Please quote exactly the opening lines of the data, from the first line to the one where "2002 Nissan Maxima exterior FBDG" appears.

──────── Source records

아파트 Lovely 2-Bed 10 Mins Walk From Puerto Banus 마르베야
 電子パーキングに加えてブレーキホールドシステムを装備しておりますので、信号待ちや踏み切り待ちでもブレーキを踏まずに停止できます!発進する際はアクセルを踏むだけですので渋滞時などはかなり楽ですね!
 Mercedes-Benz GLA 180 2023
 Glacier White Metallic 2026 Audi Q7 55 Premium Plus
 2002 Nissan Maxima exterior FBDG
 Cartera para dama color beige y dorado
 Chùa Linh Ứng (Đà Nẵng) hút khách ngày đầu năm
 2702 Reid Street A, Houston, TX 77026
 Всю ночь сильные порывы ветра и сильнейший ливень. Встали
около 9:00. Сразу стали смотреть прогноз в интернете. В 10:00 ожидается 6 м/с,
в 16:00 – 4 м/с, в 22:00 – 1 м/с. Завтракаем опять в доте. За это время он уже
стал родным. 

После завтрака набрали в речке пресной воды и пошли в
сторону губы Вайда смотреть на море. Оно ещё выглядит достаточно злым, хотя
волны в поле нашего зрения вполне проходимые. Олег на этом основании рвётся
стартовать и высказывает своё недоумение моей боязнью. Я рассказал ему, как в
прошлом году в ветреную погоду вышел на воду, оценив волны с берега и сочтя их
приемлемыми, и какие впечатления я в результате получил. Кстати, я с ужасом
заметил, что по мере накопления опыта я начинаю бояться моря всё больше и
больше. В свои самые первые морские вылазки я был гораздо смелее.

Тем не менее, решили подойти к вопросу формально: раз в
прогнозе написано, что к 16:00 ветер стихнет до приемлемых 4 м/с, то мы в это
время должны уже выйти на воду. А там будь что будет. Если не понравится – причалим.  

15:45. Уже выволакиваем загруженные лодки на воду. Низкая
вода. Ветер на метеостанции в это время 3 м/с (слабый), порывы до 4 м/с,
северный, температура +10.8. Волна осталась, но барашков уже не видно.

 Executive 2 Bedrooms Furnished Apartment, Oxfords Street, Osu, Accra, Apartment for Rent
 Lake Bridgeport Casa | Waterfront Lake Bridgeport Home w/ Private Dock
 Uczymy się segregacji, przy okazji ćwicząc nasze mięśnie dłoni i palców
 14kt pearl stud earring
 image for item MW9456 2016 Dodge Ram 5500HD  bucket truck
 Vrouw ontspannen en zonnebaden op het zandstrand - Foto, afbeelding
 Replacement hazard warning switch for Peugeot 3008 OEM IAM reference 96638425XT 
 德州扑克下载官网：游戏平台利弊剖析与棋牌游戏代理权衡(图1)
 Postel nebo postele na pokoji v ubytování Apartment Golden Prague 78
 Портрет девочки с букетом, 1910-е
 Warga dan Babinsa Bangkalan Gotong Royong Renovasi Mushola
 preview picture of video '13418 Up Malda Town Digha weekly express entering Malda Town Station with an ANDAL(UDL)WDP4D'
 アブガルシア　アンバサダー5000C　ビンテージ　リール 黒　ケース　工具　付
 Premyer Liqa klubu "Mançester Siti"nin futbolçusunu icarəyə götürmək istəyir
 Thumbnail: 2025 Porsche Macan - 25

────────────────

▶ _Output_:
아파트 Lovely 2-Bed 10 Mins Walk From Puerto Banus 마르베야
 電子パーキングに加えてブレーキホールドシステムを装備しておりますので、信号待ちや踏み切り待ちでもブレーキを踏まずに停止できます!発進する際はアクセルを踏むだけですので渋滞時などはかなり楽ですね!
 Mercedes-Benz GLA 180 2023
 Glacier White Metallic 2026 Audi Q7 55 Premium Plus
 2002 Nissan Maxima exterior FBDG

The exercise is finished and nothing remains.